Winning the Battle of Required Minimum Distributions

Anyone 70 ½ years old or older with an IRA has discovered the pesky government requirement that forces you to take money out of your IRA whether you want to or not. The annual required minimum distribution is the government’s way of saying, “You haven’t paid taxes on your IRA and we’re going to make sure we get our cut before you die.” The distribution is considered ordinary income and you pay taxes on that amount at your tax rate. If you don’t, you’ll end up paying a tax equal to 50% of what was supposed to a be withdrawn plus income tax on the 50% tax.

But there’s a well-kept secret available to the RMD crowd that’s especially beneficial if you give to charity. It has two names—IRA Charitable Rollover or a Qualified Charitable Distribution. In 2006, the Pension Protection Act (PPA) included a provision allowing taxpayers 70 ½ or older to transfer money from their IRA accounts directly to charity without paying taxes on the distribution.

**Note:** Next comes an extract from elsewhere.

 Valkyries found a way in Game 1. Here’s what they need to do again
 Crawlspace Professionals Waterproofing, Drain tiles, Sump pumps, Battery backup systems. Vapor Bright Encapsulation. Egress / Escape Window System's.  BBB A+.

As long as you are 70 ½ or older you can make Qualified Charitable Distributions of up to 100 thousand dollars every year to 501(c)(3) tax-exempt organizations. If you’re married, your spouse can also give up to 100 thousand dollars.

QCDs cannot be made from 401(k)s, 403(b)s, SEPs, or SIMPLE IRAs. But, you can do a direct rollover from those types of retirement accounts into your IRA and then make QCDs from the IRA.

QCDs must be sent directly to the qualified charity by the custodian or trustee of your IRA. The distributions cannot be made to donor-advised funds, supporting organizations, or private foundations. They may not be used to fund life-income gifts such as charitable gift annuities, charitable remainder trusts, or pooled income funds.

How does that benefit you? You get to meet your required minimum distribution, up to $100,000 and you don’t pay taxes on the distribution. Your gift is not included in gross income and therefore becomes a non-taxable distribution. However, since it’s not included as income, the IRS does not allow you to claim the gift as a charitable deduction.

If you make Qualified Charitable Distributions of more than 100 thousand dollars each year, anything above that amount does become taxable. Still, meeting your RMD without paying taxes on it, and making a gift to a worthy charity can be an effective planning tool.